The boredom had overpowered us once again, so we decided to get a bit nearer to the skies.
The masons cut 2004 into their tombstones then and besides it seemed to be a nice summer time.
Nothing more was needed so the next day four loonies hit the track. Me, Miro The Writing, Krtko, Joseph Gonda and Maroš,
deceased right now, nicknamed Fatso.
We crammed our carriage and after, roughly, two and a half hour of a riotous journey we conquered the little town of
Štrba - supposed to be our gateway to that highest mountain range of ours. Then the camp, parking, procuring a place, a bit of
mess, even harder later on and calming down lastly. Since it were just early hours we didn´t let us have the pleasure of any
single rest-minute before the first-day ascent. The first shot from mountain itself was taken under the familiar arch advising
The healthy ones reach the summit easier!
so we snubbed out our butts and struck out for Mengus valley and Rysy.
That everything was all right and fully professionally organized we cherished till one hour of our footing , when we
began to realize something like: "oh guys, just to get you informed, you´ve simply slid into an adjacent vale!""Oh damn it!" -
someone shouted and the rest of us agreed - "you bet your life we´ll beat Mount Rysy today!" So whoosh!
straight across the
razor-edge somewhere in the vicinity of the peak of Satan. It was pretty clear, from the begining itself, that wasn´t where the
right way led. In spite of this, the most curious two of us (I and then still fraught with enthusiasm, Fatso) reached the ridge
(see the photo)
and saw, on the other side of it, what´d already been clear from the map, videlicet a wall so perpendicular that
if an eagle had crapped on the top of it, the shit, dropping, wouldn´t have even touched it. Returning down from that crest Fatso
left certain brown markings (Who knows why and what it was?) on the boulders and we went on our way up Mlinicka valley past Round
Tarn
up to the top of Mount Furkot.
The first-day expedition we left off by an interminable, tedious
descent past Wahlenberg´s tarns down Furkot valley up to the camp´s restaurant where we caroused for as long time.

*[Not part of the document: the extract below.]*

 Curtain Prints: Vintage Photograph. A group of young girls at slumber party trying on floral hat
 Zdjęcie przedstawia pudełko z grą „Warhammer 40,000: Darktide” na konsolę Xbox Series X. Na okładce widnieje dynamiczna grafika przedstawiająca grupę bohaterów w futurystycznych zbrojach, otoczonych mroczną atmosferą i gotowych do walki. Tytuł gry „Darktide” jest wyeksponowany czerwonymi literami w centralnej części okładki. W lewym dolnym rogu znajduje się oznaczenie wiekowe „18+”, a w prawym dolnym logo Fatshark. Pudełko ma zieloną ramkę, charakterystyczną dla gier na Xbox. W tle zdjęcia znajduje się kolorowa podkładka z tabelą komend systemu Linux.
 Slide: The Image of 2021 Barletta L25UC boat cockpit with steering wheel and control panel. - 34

Later on, slightly tipsy , and I emphasize the slightly, we hit the sacks and ... some of us got soaked (Krtko and me).
The second-day´s dawn welcomed us by anything but cheering and encouraging. The clouds, heavy fog, wind and the worst was that
fucking malicious coldness. It soughed all the time something like: "I´ll deal the most fiendlish blow
to your joints!" It´s necessary to say that there really had been a bit of truth in it. The last common picture of us is the one
from The giant (mammoth) fall. Krtko and Joseph retired to the base camp and we both, drenched completely, set off for the Little
cold valley. Everything´d been all right until we got to the Chalet of Zamkovsky, just it was raining cats and dogs.
When we, for
the first time, caught a gloomy glimpse of Tery´s chalet, we sensed that something was going bloody wrong. We saw Mount Lomnica as
well as Ice Peak gorgeously, at least initially we did, which are supposed to be greyish, but they both were white like E.T. in
the sixty-fourth minute of the movie. At first, we didn´t want to admit , but this lingered for at most four
and a half second, because things were turning out obvious - someone or something was going to have a fine play with us.
Thanks to Lord and perhaps to our obstinacy we, at full health, entered Tery´s chalet, where all the people were trying to deter
us from going to the Transverse Saddle. At that time, the visibility was zero, now and then it rose to one meter. and that was
the very jiffy we took advantage of and started for the saddle, just mentioned. Till we made it another five centimeters of snow
came down and we had to bow to it humbled. That´s to say we were clad like before a round trip on Bikini island: I in shorts and
my fellow, Fatso, goody! , with trainers on his feet and, you saphead!, in a tracksuit trousers
with TM-label Army.
Like ever and everything has to, this time again the matter came off to consummate contentment. We met down happily,
packed our backpacks up into the car and made haste towards a motel in Štrba for a typical table-bearing-down supper.
This time High Tatras vanquished us, but we already guessed they would see us even the same summer.